Jeremy Scahill, author of the definitive book, Blackwater: The Rise of the World's Most Powerful Mercenary Army, and prolific investigative reporter, has written an article for The Nation magazine that is relevant for understanding what the US military's approach to the Taliban is about and the likely repercussions. The major point of his article is that, indeed, the US occupation force in Afghanistan is pursuing a counter-terrorist course of action against Taliban, targeting leaders of the insurgency. But it is proving yet again to be counterproductive, as US forces kill innocent Afghanis, generate hatred against and fear of US troops, and drive more and more of the Afghan people to support Taliban groups.

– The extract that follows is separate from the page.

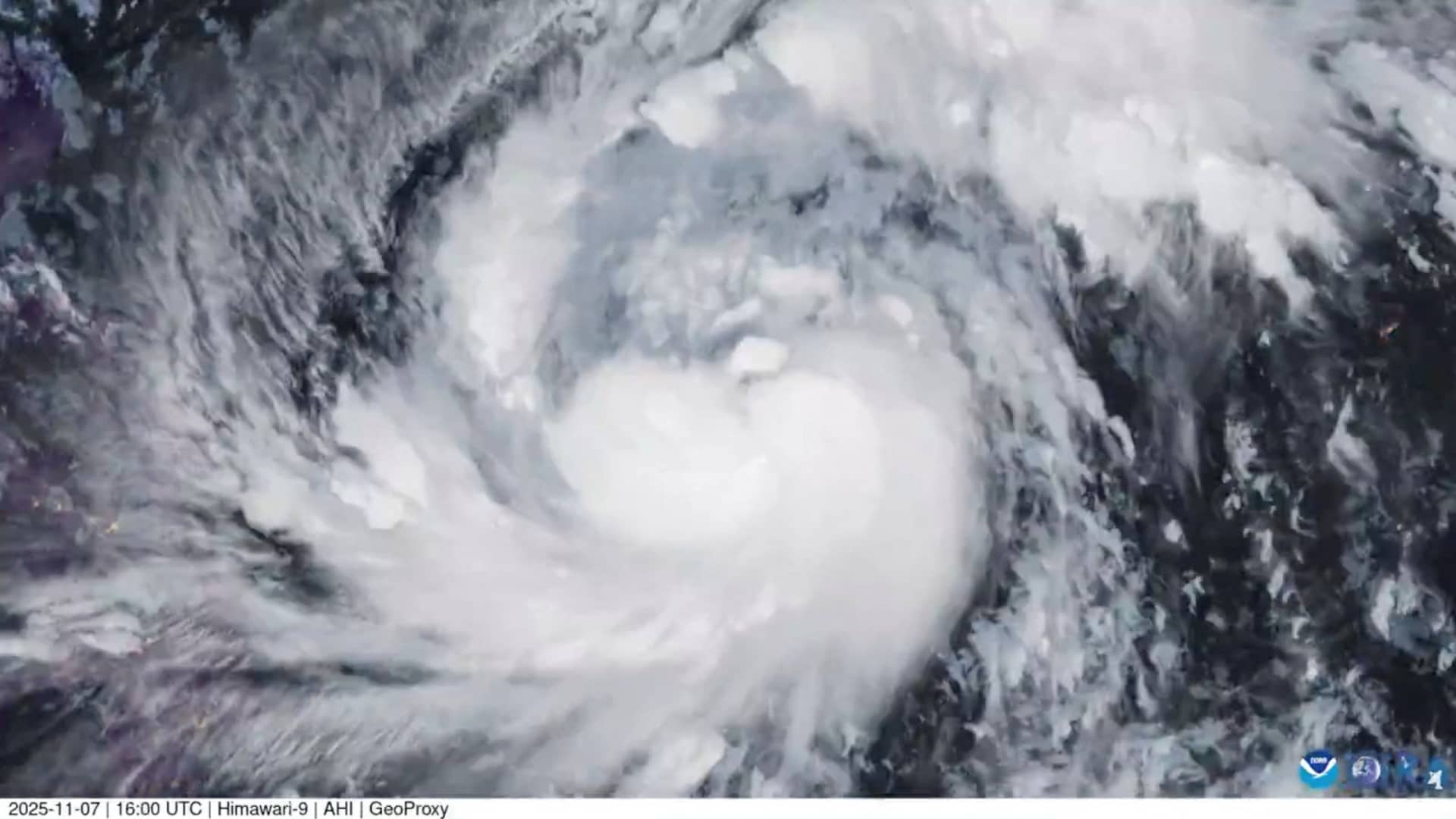 Super Typhoon Fung-wong Philippines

Here are excerpts from Scahill's eye-opening article, which can be found at: http://www.thenation.com/article/155622/killing-reconciliation
Killing Reconciliation
Jeremy Scahill October 27, 2010
On March 26, 2009, Mullah Sahib Jan, a militant Taliban imam from the Mohammed Agha district in Afghanistan's Logar province, walked into the office of the Independent National Reconciliation Commission, the main body encouraging the Taliban to lay down their weapons and work with the government. He was escorting fifty Taliban fighters who, he said, had committed to ending their fight against the Afghan government and entering the process of integration. To the government, Sahib Jan was a shining example of how reconciliation with the Taliban is supposed to work. But less than a year later, the former militant's story would stand as a devastating symbol of how the actions of US Special Operations Forces are sabotaging the very strategy for reaching a political settlement that US officials claim to support.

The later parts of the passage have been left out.